Com'è noto, la sua avventura italiana non fu entusiasmante, e probabilmente c'entra anche il fatto che il fumo e l'alcol non sparirono mai dalle sue abitudini: «Ho provato a smettere cinquantamila volte. Ho provato anche oggi, ma ho resistito fino alle 11 del mattino. L'unico quesito filosofico che mi pongo è: «Perché mai dovrei cercare di fingermi diverso da come sono?"».
Non lo fece mai, in effetti. Non nascose le sue passioni per John Lennon e Che Guevara, ma nemmeno le sue convinzioni sul calcio contemporaneo: era l'evoluzione atletica del calcio (che per lui era probabilmente un'esasperazione) ad aver intasato gli spazi del campo: «Tutti gli sport hanno adattato le loro regole allo sviluppo fisico umano, ma il calcio non l'ha mai fatto». Perciò la soluzione per ricominciare a vedere del calcio divertente era una sola: ridurre le squadre a nove calciatori: «Per consentire ai giocatori di sfruttare maggiormente le loro abilità tecniche, è necessario compensare l'evoluzione fisica degli atleti».

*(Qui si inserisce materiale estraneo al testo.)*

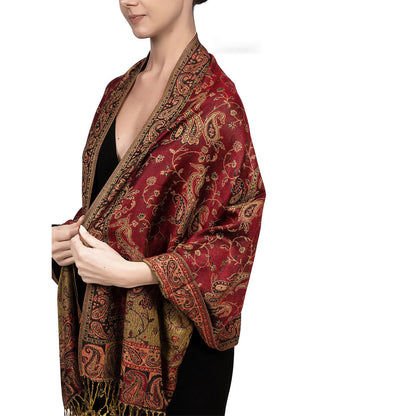 Retro Style Tassel Shawl for Women, Paisley Scarf, Air-Conditioned Room Cape for Warmth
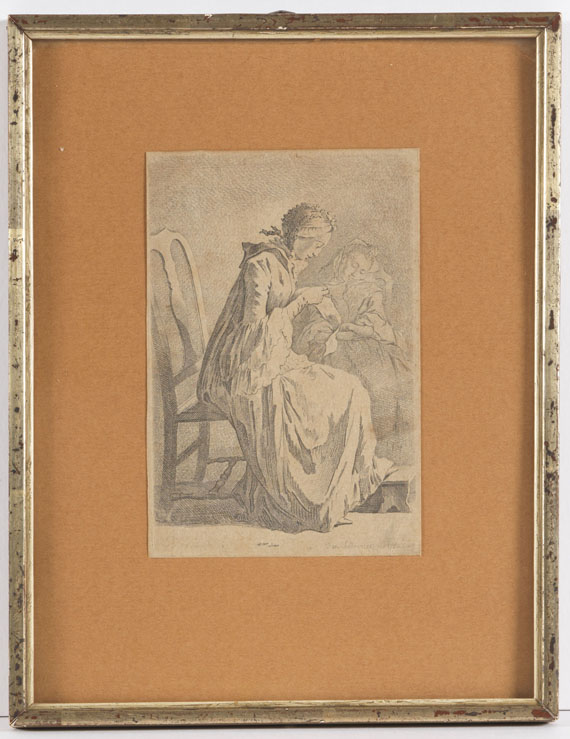 Daniel Chodowiecki - Die beiden sitzenden Damen (Demoiselle Quantin und die Gattin des Künstlers) - Rahmenbild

Affascinante, certo, ma anche bizzarra teoria, questa di Socrates. D'altronde, parliamo di un uomo entrato nella storia del calcio per i suoi colpi di tacco, cioè l'espediente appunto più affascinante e bizzarro che un calciatore (oltretutto alto 1,92) abbia a disposizione. Si potrebbe osservare che - come infatti pensarono in molti durante la sua non fortunata parentesi italiana - si trattava di orpelli superflui in assenza di ben altra sostanza, e infatti il suo Brasile non vinse mai nulla. Ma chi ha visto giocare quella squadra - esattamente come l'Olanda di Cruijff - la porta nel cuore per sempre, a dispetto del fatto che né l'una né l'altra abbiano mai vinto alcunché. È alquanto probabile che questa fosse tra le cose di cui Socrates sia andato più fiero. Adeus, Doutor.